The bus-only lane originally proposed would run just shy of nine miles from MacArthur Park to Centinela Avenue in West L.A. But the cities of Santa Monica and Beverly Hills are not participating, and a one-mile stretch of Wilshire in Westwood is also exempt.

That bugs City Councilman Bill Rosendahl. "Right now, with the splintered and fragmented Westside, it even makes it more congested in my district and it saves no time for bus riders or cars. It’s a disaster."

He wants a continuous bus-only lane from downtown to the ocean. But he knows it can’t happen without Santa Monica and Beverly Hills. So Rosendahl proposed studying an uninterrupted five–and-a-half-mile stretch that ends at San Vicente Boulevard.
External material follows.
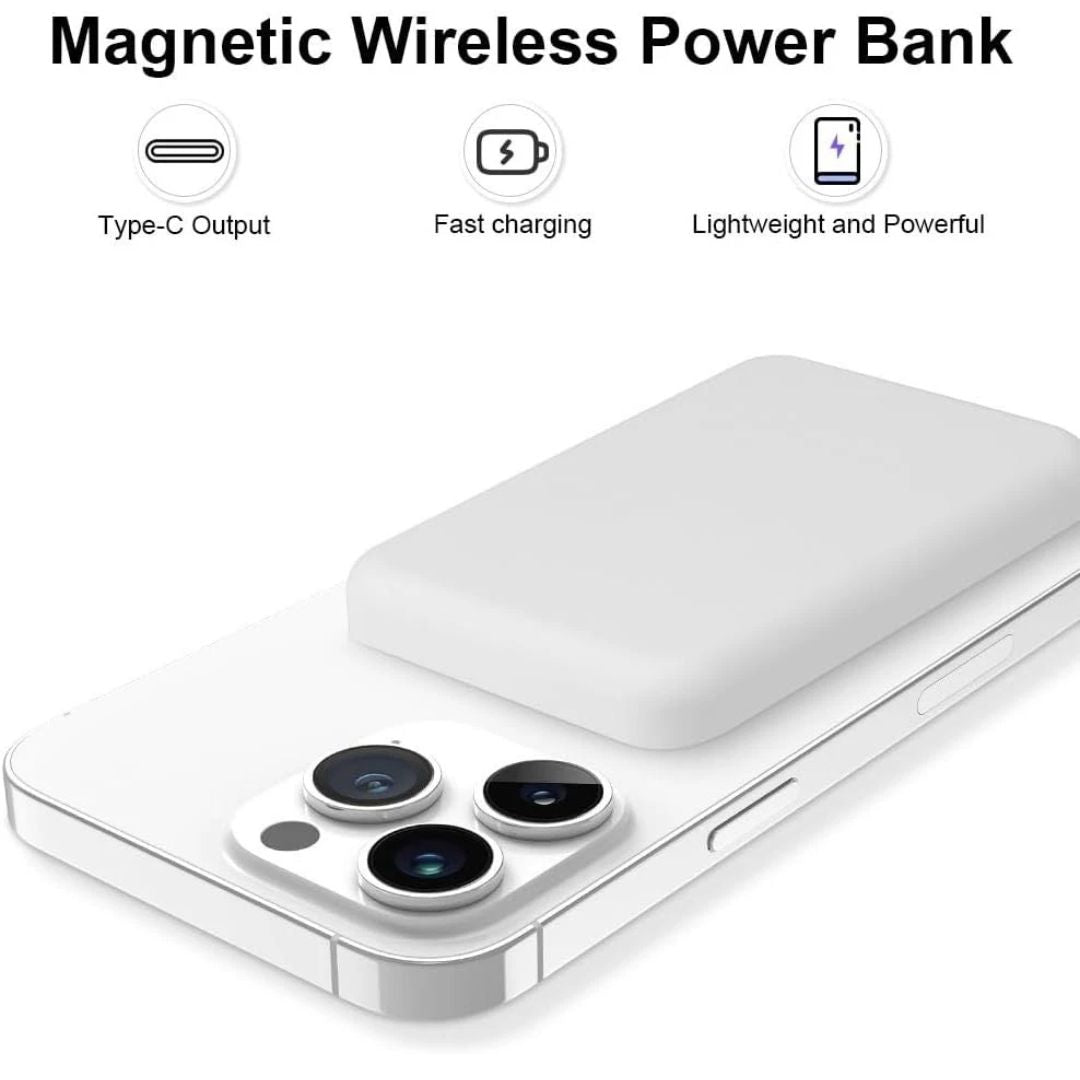 Premium MagSafe Power Bank | Fast Wireless Portable Charger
"Who are gonna use this?" said City Councilman Richard Alarcon. "Working class folks who need to get down Wilshire Boulevard." Alarcon argued that L.A. should proceed with the original eight-plus-mile plan – and let the other two cities catch up.

"Stay the course," said Alarcon, "so that the people of Pico Union can go wash babies in West L.A."

The Federal Transit Administration has pledged $23 million to the original project. Alarcon worried that if the bus lane shrinks, so will that federal contribution – when the city needs all the money it can get.